Liz Schaffer Liz Schaffer

The Te Araroa Trail

Walking across New Zealand - braving a hallowed hiking trail stretching from Cape Reinga to Bluff.

Words & Photographs by Louise Coghill

It took four acts of kindness to get from Kaitaia to Cape Reinga, the starting point of the Te Araroa - the 3,006 kilometre thru-hike I was embarking on. I wandered to the edge of town with trepidation. This was it. I stuck my thumb out half hoping nobody would stop and I could spend one more day in bed binging Fleabag. A man in his late 60s pulled up. I heaved my big red backpack onto the backseat, wondering how I’d manage to carry this beast of a thing later today. 

Rob told me the country is changing, "you be careful which cars you get into Louise, New Zealand isn’t what it used to be", he said as I jumped out on the side of the road 40 kilometres closer to my goal. Remembering the man who had sat next to me on the bus from Auckland who twitched with an obvious drug habit and asked if he could borrow my bank card - add my unfortunate habit of listening to true crime podcast - I was very aware of how broken this world is. The first car that drove around the corner pulled up, but luckily it was only Sue, a social worker checking out a property. She drove me another 30 kilometres and dropped me beside a dairy, with the same warning … be careful.
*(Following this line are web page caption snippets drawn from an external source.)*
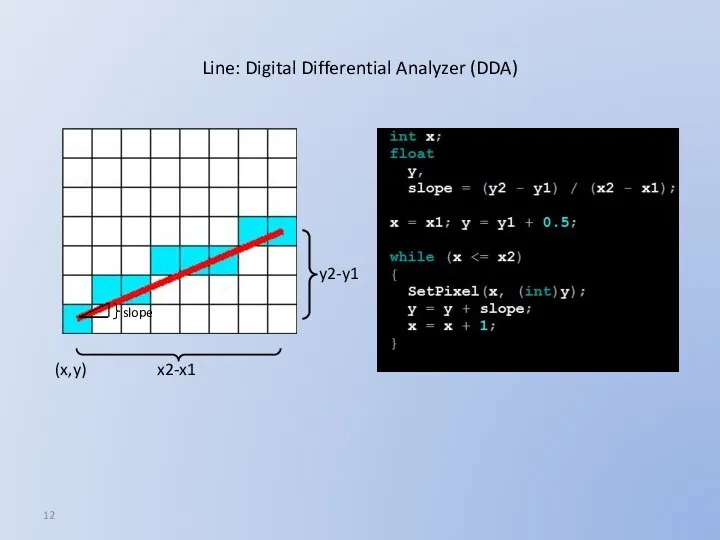 Line: Digital Differential Analyzer (DDA) (x,y) x2-x1 y2-y1 slope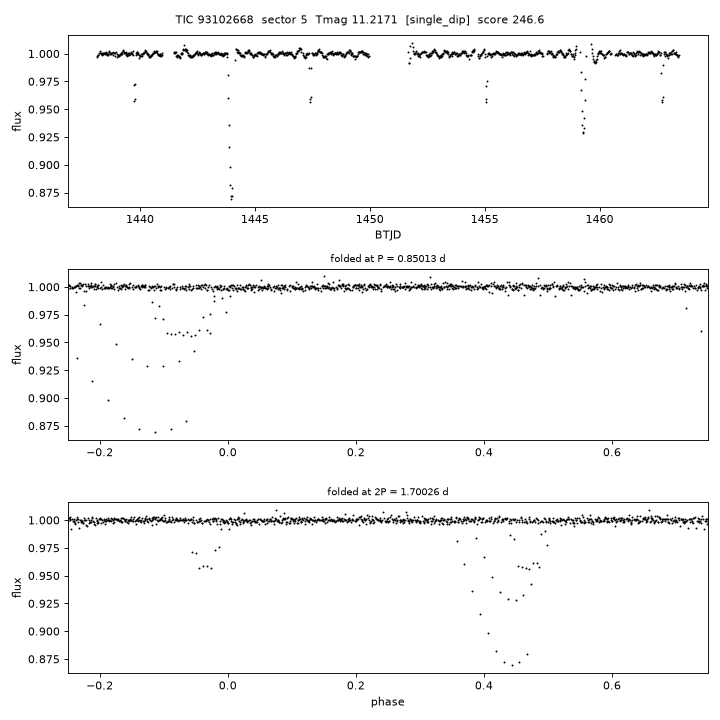 Click to open full size TIC93102668_s0005.png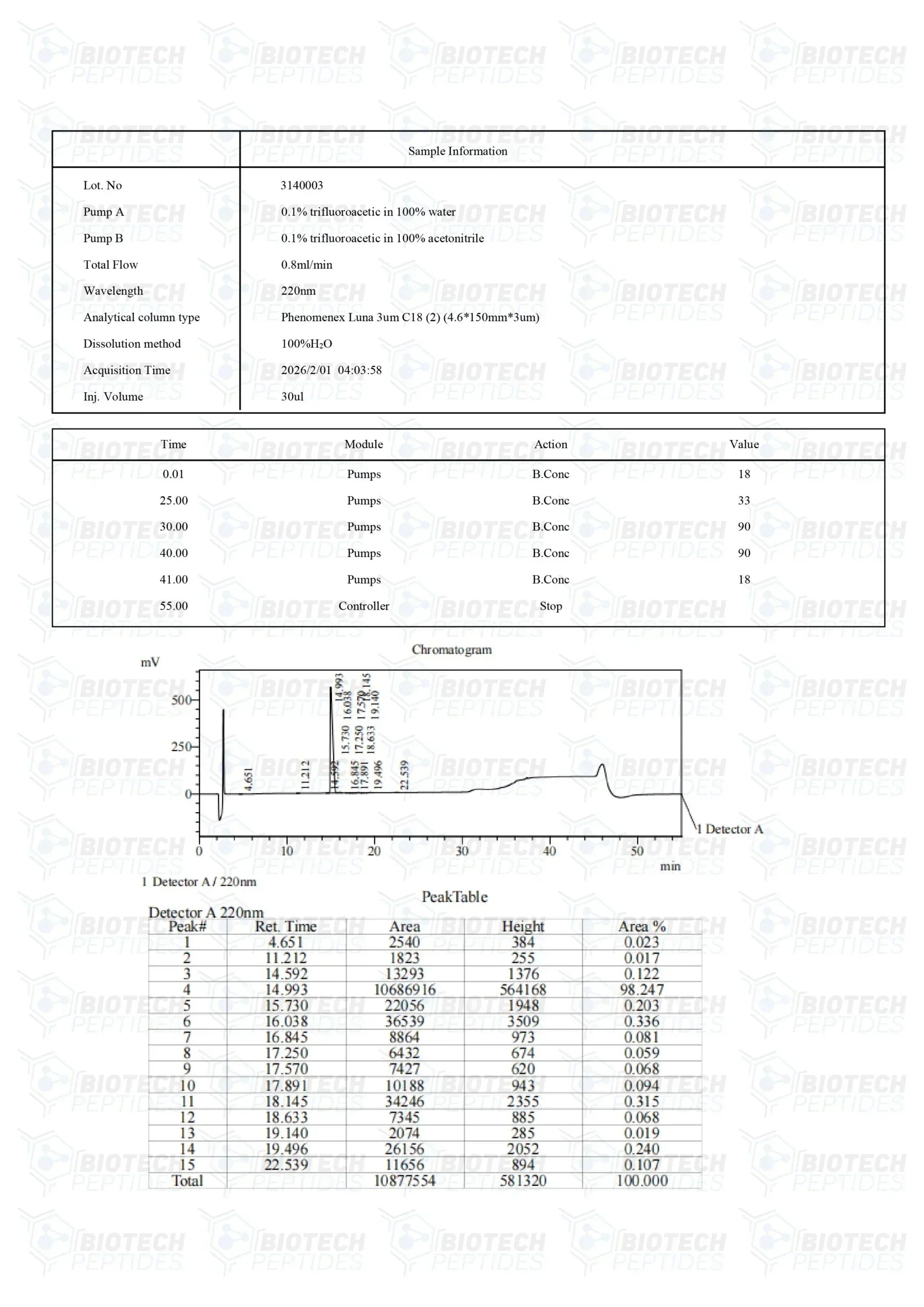 (🔥Fat loss) Adipotide FTPP 10mg-10 Vials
A beekeeper helped me strap my pack in beside boxes of bees in the back of his Ute, and finally a French couple picked me up in their van and I sat between them on the front seat as we chatted about travel and photography and NOT about how dangerous hitchhiking can be. 

The Te Araroa Trail

I pulled my heavy pack onto my shoulders, took out my brand new walking poles and waved goodbye to the French couple as I wandered down to the lighthouse that marked the start of the hike. I was glad to be getting away from that changing world Rob mentioned and return to the roots of humanity. 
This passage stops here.